Voilà l'objet de ma question.

Quels sont vos avis ?​


----------



## Anonyme (4 Mars 2008)

On parle d'un 42 pouces, donc les autres tailles vont avoir leur prix écrasé pour lui faire de la place


----------



## Karamazow (4 Mars 2008)

iPantoufle a dit:


> On parle d'un 42 pouces, donc les autres tailles vont avoir leur prix écrasé pour lui faire de la place


 

Effectivement, si le 30" n'est pas modifié et qu'il arrive d'autres écrans plus grands, on peut envisager une baisse des prix des écrans actuels.

Mais si, les écrans actuels sont remplacés par d'autres avec plus d'options (connectique) et de meilleurs perfs (est ce possible ?) je doute que les prix baissent pour autant !

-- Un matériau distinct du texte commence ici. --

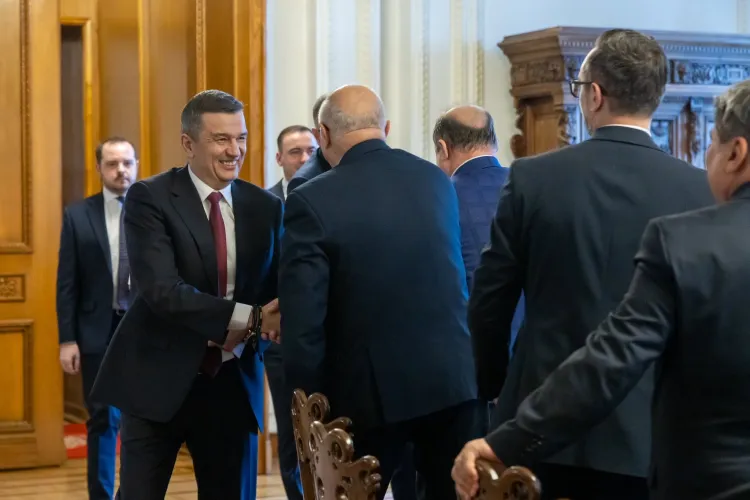PSD decide astăzi dacă intră la guvernare! Ce nume sunt vehiculate pentru ministere în Guvernul Luca Niculescu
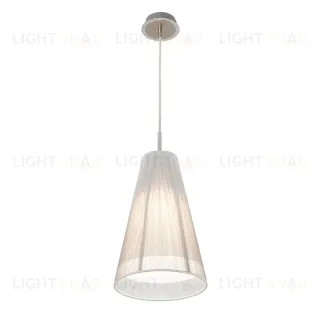 Подвесной светильник Citilux Серебристый CL936003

Et puis, 42 pouces, ça fait pas un peu grand pour des professionnels de la photo/vidéo ?

Je crois que 30" est bien uen taille suffisante pour ce genre de job non ?​


----------



## prasath (4 Mars 2008)

J'ai un ACD 30", c'est super confortable. Rien à redire!
J'ai AppleCare pour Mac Pro qui couvre également l'écran.

En 42" j'ai peur que cela soit un peu trop en hauteur, je préfère m'acheter un deuxième écran.

Si tu peux te permettre d'attendre tu seras toujours gagnant, si tu ne peux pas t'acheter la nouvelle gamme, tu pourras toujours acheter l'ancien 30" qui sera sûrement bradé. Mais quant à savoir combien de temps tu vas devoir attendre...

En dehors de la connectique, on pourrait s'attendre quelques modifications: Compatible HDCP, meilleur taux de contraste, temps de réaction plus rapide, nouvelle dalle? Le rétro éclairage LED me paraît trop cher à produire pour un écran de cette taille. Si jamais c'était quand même le cas, le prix restera excessif.

Concernant la qualité de l'ACD actuel, je n'ai rien à redire. Il est anti-reflet, le noir me paraît déjà noir et je ne verrai sans doute pas la différence si le temps de réaction était plus faible. Pas d'effet de rémanence. Le seul truc que je pourrait regretter c'est qu'il n'est pas compatible HDCP.


----------



## Karamazow (5 Mars 2008)

prasath a dit:


> J'ai un ACD 30", c'est super confortable. Rien à redire!
> J'ai AppleCare pour Mac Pro qui couvre également l'écran.
> 
> En 42" j'ai peur que cela soit un peu trop en hauteur, je préfère m'acheter un deuxième écran.
> ...




Dans mon cas la compatibilité HDCP m'importe peu, dans la mesure où je ne souhaite pas utiliser mon écran pour le connecter à une source HDCP (Blu-Ray, ou FreeBox par exemple)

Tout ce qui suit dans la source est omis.